There’s always so much stuff coming at you that you’re always just doing like whack-a-mole of problem solving, trying to figure out how to get through it. One specific case where something just came up and it actually ended up really helping the story was we had this character of one of the police officers at the end of the movie, and there’s the one police officer that breaks in [to Karen’s house] and [says], “Freeze, freeze, freeze.” But the other ones are all basically extras, and I don’t know how this happened, but when we were casting the movie, the lines for the first police officer ended up going to everybody, so they all thought they were getting [to be] the main police officer. It was the night before that people found out that they weren’t actually getting that role, so there was a bit of a panic like, “Oh, I’m not going to do this if I don’t have lines.”
So the cop at the end who’s outside the door holding back all of the reporters, she [said], “Oh, I’m not gonna do it if I don’t have good lines.” And I [thought], “Fair enough. You’re coming out to do this movie as a volunteer, essentially,” so in the moment, I worked out these lines for her to do and created this role, so this extra moment got built out of this situation that I think actually really helped the movie. It gave like this extra beat there to reinforce how crazy the media was at the end, so as stressed out as I was in the moment, I’m happy that happened because it added this important moment for the movie.
You also have a role for Gigi Saul Guerrero, a great horror director in her own right, as someone that Karen goes to see for a job interview. How did that happen?
We knew that we wanted somebody to be like pretty formidable for the role of Julie because you wanted to meet her and just be like, “Oh, I know who that is,” and you could know the stakes behind this moment a little bit more. She’s not just some random person. And Gigi’s name initially came up from our casting director, but I had met her before in social settings because she had gone to Capilano University [in Vancouver] and so had I. And we’d known a lot of people in the same circle, so it was just a really great pairing, “Oh, Gigi would be fantastic for this.” And it worked out that she could come and do it and she did such a great job.

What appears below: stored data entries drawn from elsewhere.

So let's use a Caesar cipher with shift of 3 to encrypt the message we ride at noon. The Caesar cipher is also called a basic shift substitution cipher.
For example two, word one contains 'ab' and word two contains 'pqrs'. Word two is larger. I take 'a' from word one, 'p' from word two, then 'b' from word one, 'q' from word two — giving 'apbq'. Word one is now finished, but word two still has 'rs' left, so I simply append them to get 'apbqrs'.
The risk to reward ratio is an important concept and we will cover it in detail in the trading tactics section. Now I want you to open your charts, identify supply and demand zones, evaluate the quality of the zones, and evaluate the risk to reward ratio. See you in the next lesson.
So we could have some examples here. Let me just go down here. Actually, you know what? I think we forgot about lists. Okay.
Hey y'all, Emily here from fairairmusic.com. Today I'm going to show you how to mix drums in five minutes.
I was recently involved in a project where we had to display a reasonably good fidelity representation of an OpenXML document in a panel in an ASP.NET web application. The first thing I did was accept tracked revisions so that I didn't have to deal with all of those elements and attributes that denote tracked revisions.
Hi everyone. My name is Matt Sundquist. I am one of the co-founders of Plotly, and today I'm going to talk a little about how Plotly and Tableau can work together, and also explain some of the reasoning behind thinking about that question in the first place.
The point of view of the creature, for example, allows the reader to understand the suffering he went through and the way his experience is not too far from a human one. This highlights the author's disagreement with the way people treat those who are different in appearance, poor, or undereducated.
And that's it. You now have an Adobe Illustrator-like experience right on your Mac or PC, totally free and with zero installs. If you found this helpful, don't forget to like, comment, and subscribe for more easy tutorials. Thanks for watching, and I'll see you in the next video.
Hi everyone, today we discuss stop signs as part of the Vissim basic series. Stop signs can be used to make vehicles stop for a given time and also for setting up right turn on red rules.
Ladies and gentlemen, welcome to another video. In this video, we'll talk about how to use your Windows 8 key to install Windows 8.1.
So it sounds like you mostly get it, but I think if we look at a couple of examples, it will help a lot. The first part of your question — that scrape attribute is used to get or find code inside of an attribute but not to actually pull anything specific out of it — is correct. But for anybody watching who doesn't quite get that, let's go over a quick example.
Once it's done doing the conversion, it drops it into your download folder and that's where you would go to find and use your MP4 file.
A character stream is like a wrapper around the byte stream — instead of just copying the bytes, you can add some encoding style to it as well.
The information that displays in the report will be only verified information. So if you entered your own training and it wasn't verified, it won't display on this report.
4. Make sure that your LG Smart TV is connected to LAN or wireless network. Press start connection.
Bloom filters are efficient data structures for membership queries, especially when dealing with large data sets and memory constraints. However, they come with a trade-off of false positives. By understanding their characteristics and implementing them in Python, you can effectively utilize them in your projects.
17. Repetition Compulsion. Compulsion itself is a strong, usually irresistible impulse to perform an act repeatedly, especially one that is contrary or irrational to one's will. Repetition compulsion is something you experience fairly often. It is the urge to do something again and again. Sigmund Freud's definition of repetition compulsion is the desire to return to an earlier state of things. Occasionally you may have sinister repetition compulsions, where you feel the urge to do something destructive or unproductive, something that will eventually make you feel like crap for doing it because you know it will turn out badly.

I’m so happy she’s in the movie. It was another one of those serendipitous moments that she was able to do it on the day we had to shoot that scene.
What’s it like getting to this point with the movie and having it ready to share with audiences?
It’s such a treat. It’s such a rare thing to be able to make a movie like this that turns out exactly the way you were hoping for with all of your dear friends and collaborators. And to be able to take it to Fantasia, which feels like the perfect festival for it and premiere it in front of people who I know are going to understand it and hopefully embrace it warmly, and with so much of our cast and crew are coming to the screening itself, it feels amazing. I’m so happy and proud of our crew for putting their all into this movie and I’m so, so proud that we get to have a moment together and celebrate it.
“Headcase” will screen at Fantasia Fest as part of the Influencers shorts program on July 26th at 6:15 pm at Auditorium des diplomes de la SGWU.